Lorsque de là les regards se portent sur les pays constitutionnels de l’empire, la Transylvanie, la Hongrie, la Croatie, on retrouve de nouvelles souffrances. Sous une législation plus libérale que celle de l’archiduché et de la Bohème, la principauté de Transylvanie est dans un état voisin peut-être de celui de la Gallicie, et, bien que les deux royaumes annexés de Hongrie et de Croatie jouissent en cela d’un sort un peu moins fâcheux, ils sont fort éloignés de l’aisance. La faute n’en est point à l’Autriche toute seule ; elle en partage la responsabilité avec les diètes et les pouvoirs locaux de ces pays, dont les attributions ne laissent pas d’être étendues.

En Transylvanie, depuis l’octroi du règlement provisoire en 1769 jusqu’à la diète actuellement assemblée à Clausenbourg, la noblesse, sauf quelques essais de réforme timidement tentés en 1790 et en 1811, est demeurée stationnaire. D’ailleurs la différence des races entre les paysans et les seigneurs a créé là des difficultés d’un genre spécial, parce qu’au mépris du maître pour le sujet se joint encore le mépris très violent du vainqueur pour le vaincu. La Transylvanie est pleine des souvenirs de cette lutte inique des races magyare et saxonne contre la race infortunée des Roumains ou Valaques, et les tribus encore plus infortunées des Zingares ou Bohémiens. Les Roumains, qui sont à eux seuls plus nombreux que toutes les autres populations de la principauté réunies, composent, avec plusieurs milliers de Zingares sédentaires, la classe des cultivateurs[1]. Les uns et les autres sont considérés comme des sortes de parias, et mènent la vie la plus pénible au sein d’une affreuse indigence. Sous leur humble toit, les paysans roumains, drapés dans leurs pittoresques haillons, vivent, comme ceux de la Gallicie, pêle-mêle avec les bestiaux. Leur mobilier se borne à quelques vaisseaux en bois ou en terre qui servent à pétrir ou à cuire le pain de maïs (mammaliga), nourriture quotidienne du paysan transylvain[2]. Dans les jours de

  1. On compte aussi, parmi les paysans de la Transylvanie, quelques milliers d’Arméniens qui sont venus s’y établir au XVIIe siècle ; mais les descendans de ces familles émigrées sont aujourd’hui peu nombreux, et dès maintenant leur caractère national est fort affaibli par le contact des autres races.

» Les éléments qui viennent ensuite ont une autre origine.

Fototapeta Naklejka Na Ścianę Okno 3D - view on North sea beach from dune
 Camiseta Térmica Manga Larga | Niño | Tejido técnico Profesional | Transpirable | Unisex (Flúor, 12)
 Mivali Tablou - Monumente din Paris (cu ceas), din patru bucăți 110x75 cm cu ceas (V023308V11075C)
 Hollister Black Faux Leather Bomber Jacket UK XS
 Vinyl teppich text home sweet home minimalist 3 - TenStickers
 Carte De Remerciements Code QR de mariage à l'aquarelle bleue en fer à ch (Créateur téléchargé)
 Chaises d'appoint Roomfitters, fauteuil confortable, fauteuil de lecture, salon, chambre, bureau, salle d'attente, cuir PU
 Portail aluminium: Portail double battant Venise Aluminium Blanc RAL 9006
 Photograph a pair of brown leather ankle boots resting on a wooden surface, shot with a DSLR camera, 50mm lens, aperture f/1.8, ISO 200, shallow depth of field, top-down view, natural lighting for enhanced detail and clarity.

  2. Le vase dans lequel les femmes préparent d’ordinaire la farine, avant de la mettre sur le feu, a encore une autre destination, que l’on ne devinerait certes pas. Comme il est d’une longueur raisonnable et taillé en forme de carène, c’est le berceau où l’on couche les enfans, à moins pourtant que la mère ne les tienne enveloppés dans sa chemise en lambeaux et pressés contre son sein.